» WHAT THE EXERCISE ASKS: Everything from the line that contains "Бошки Шишки конопля" through the final line of the records below should be quoted exactly, except the pictures.

--- DATA PROVIDED Enclosed Below ---

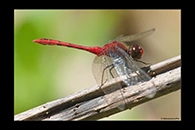 PhotoID: AusDr004. Diplacodes bipunctata - male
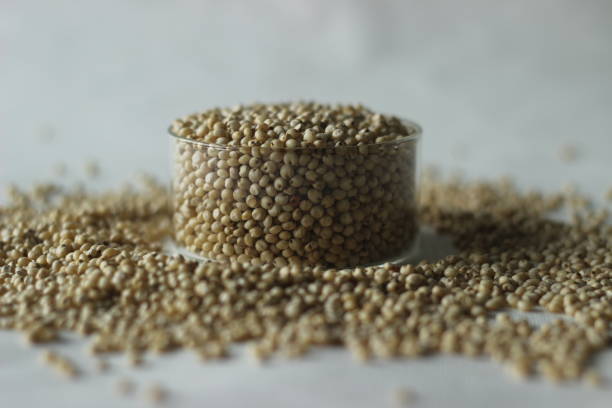 Sorghum Millet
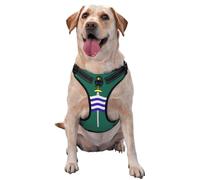 Peterborough Flag Dog Harness for Small, Medium, and Large Dogs - Reflective Straps, Adjustable Fit with Quick-Release Buckles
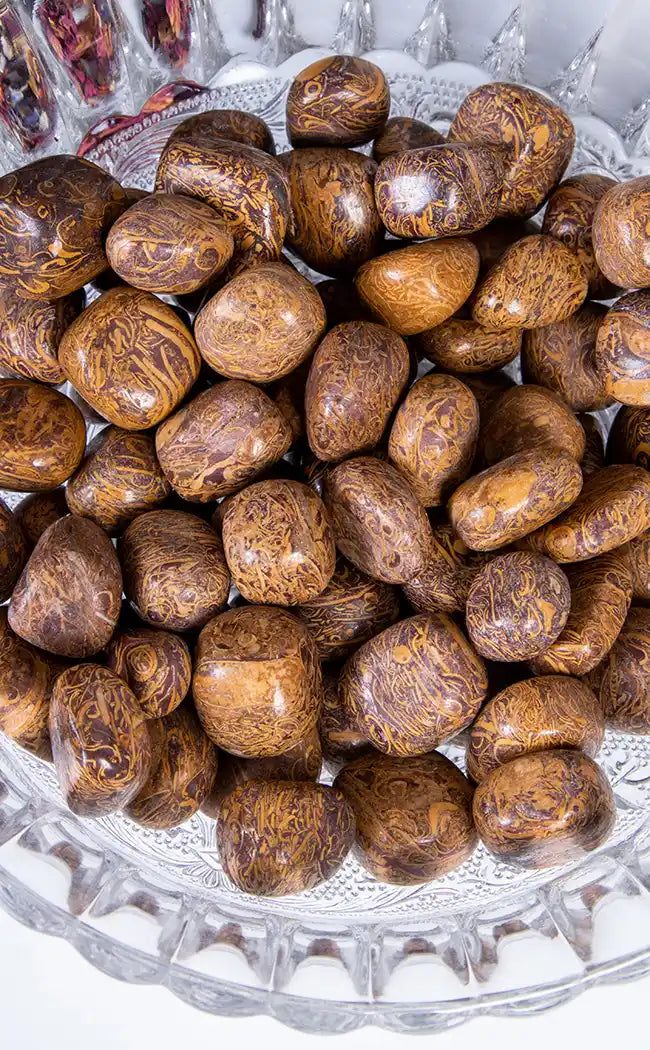 Tumbled Stones | Elephant Skin Jasper | Calligraphy Stone-Crystals-Tragic Beautiful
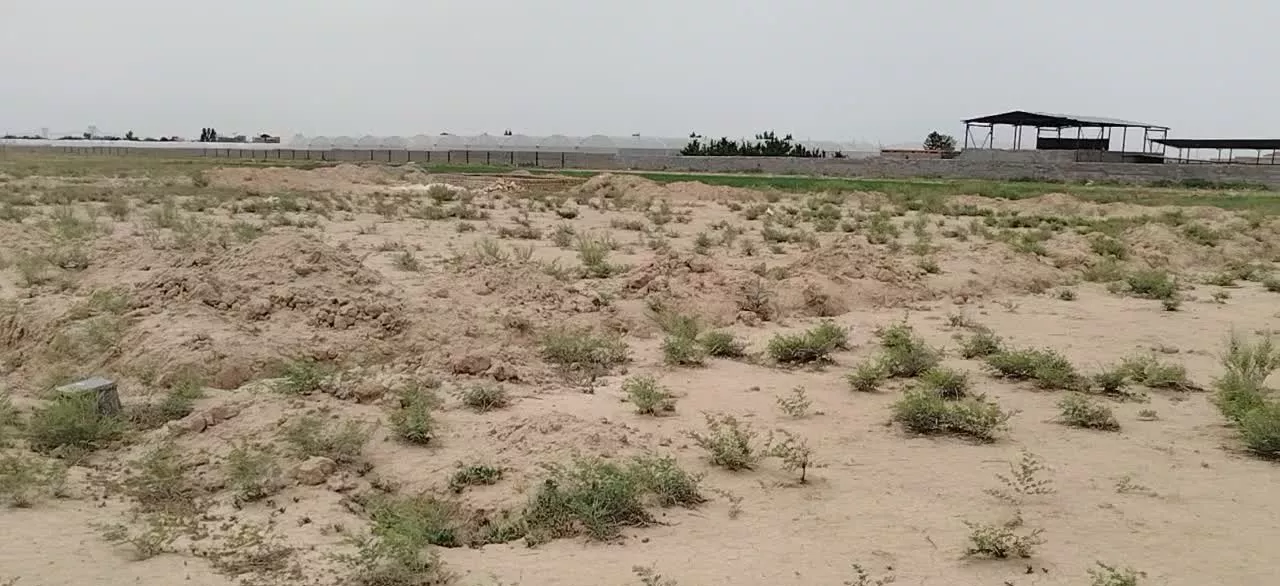 سلام،فروش زمین باسندوکالت.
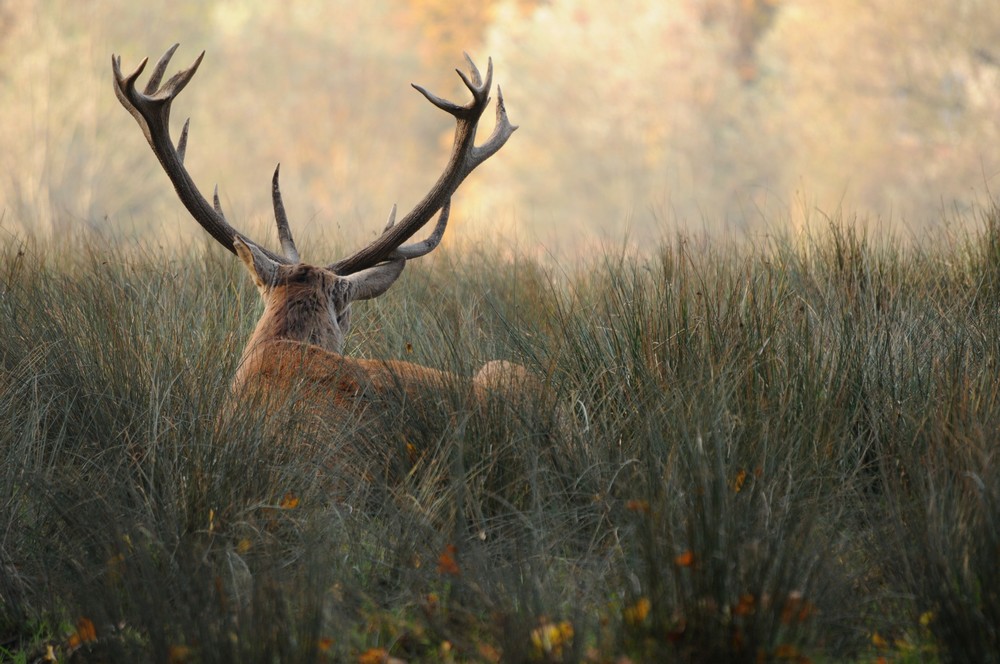 Instant magique avec un cerf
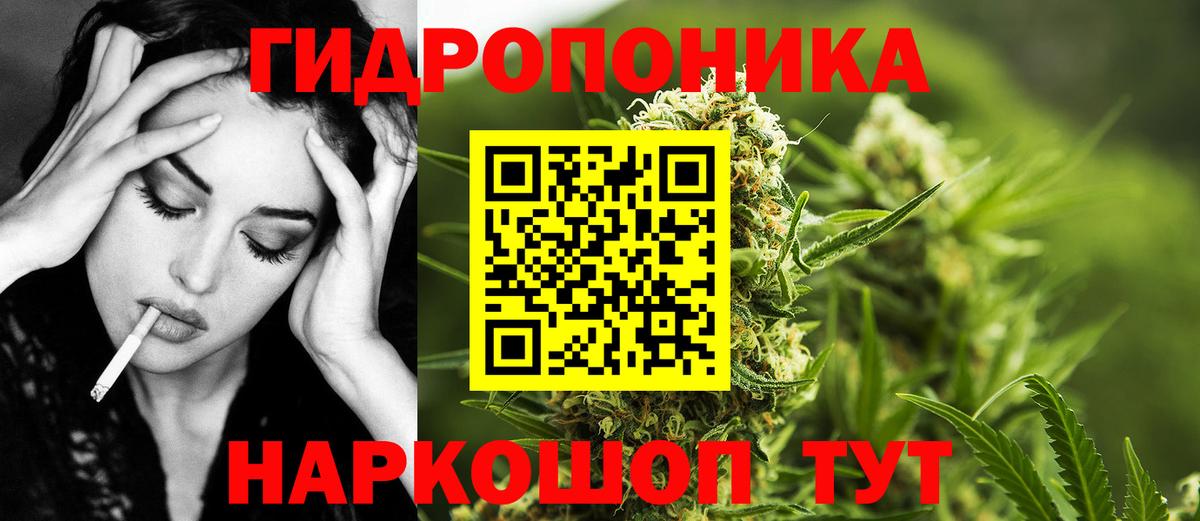 Бошки Шишки конопля  Бошки Шишки SATIVA & INDICA  Конопля марихуана  Лесосибирск  Конопля AK-47  Вход с VPN 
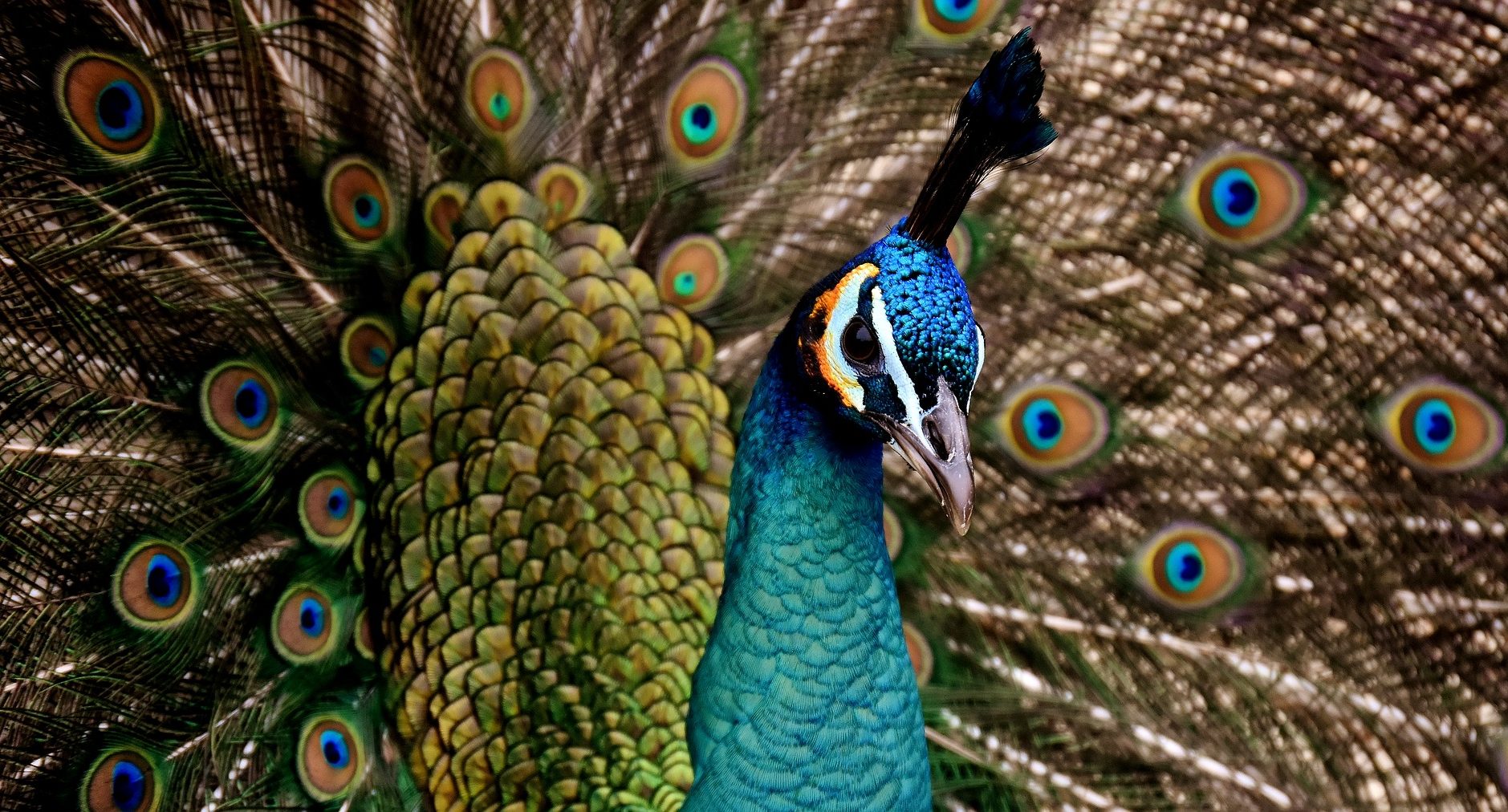 peacock-3080897_1920.jpg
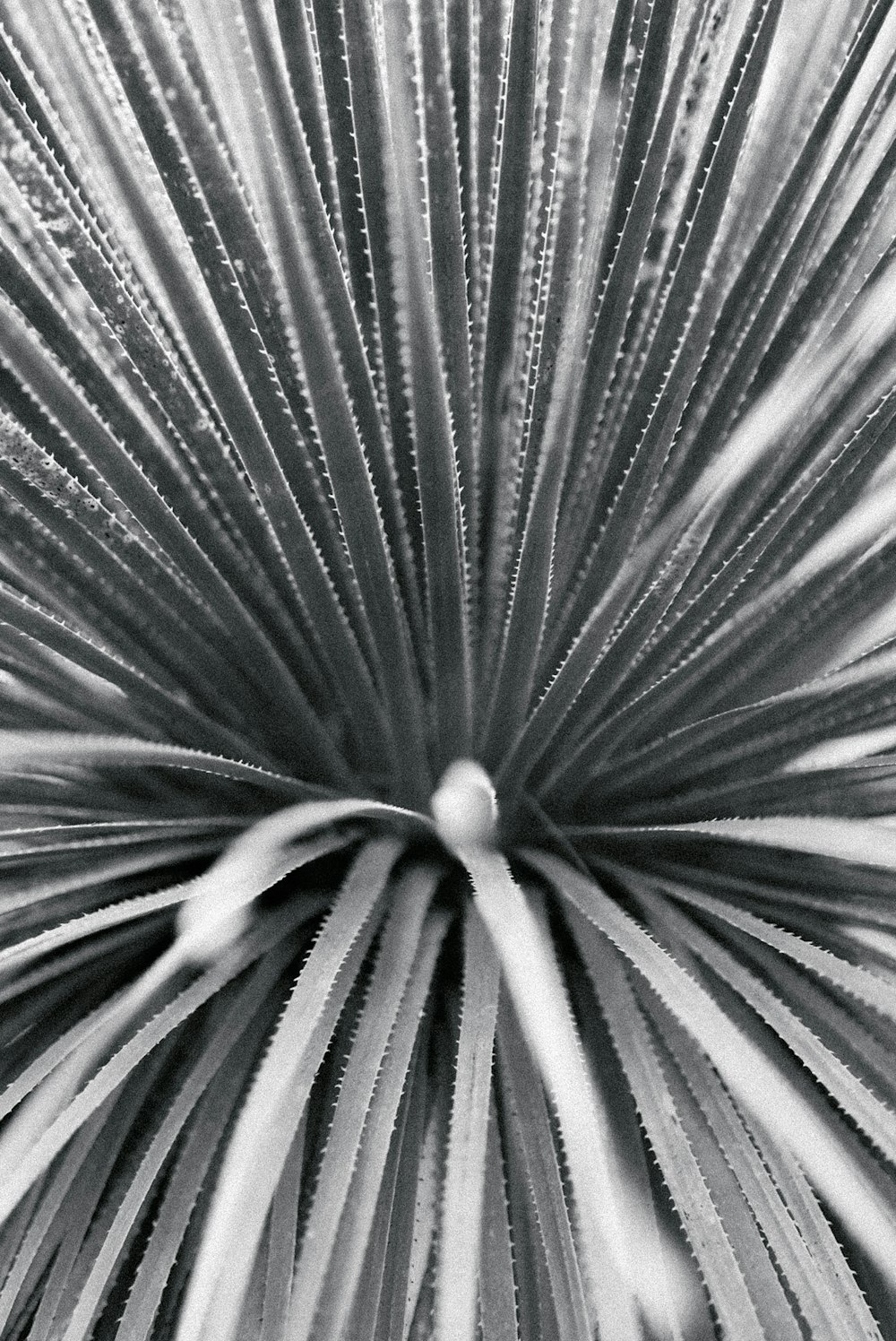 a close up of a feather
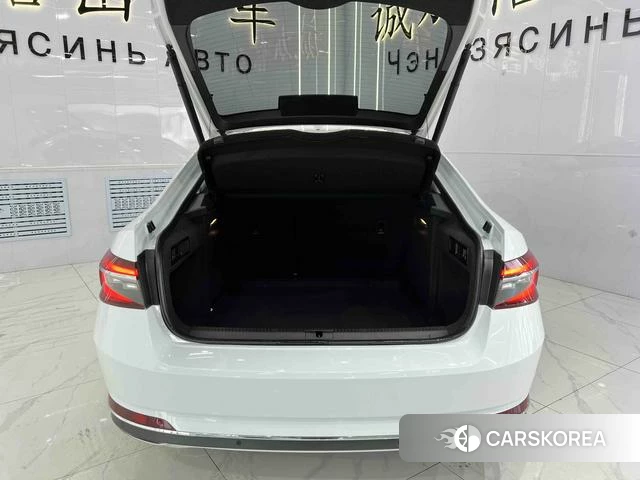 Skoda Speed pie 2023 Белый из Китая, фото 5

--- End of Enclosed DATA PROVIDED ---

» RESPONSE BOX:
 Бошки Шишки конопля  Бошки Шишки SATIVA & INDICA  Конопля марихуана  Лесосибирск  Конопля AK-47  Вход с VPN 
 peacock-3080897_1920.jpg
 a close up of a feather
 Skoda Speed pie 2023 Белый из Китая, фото 5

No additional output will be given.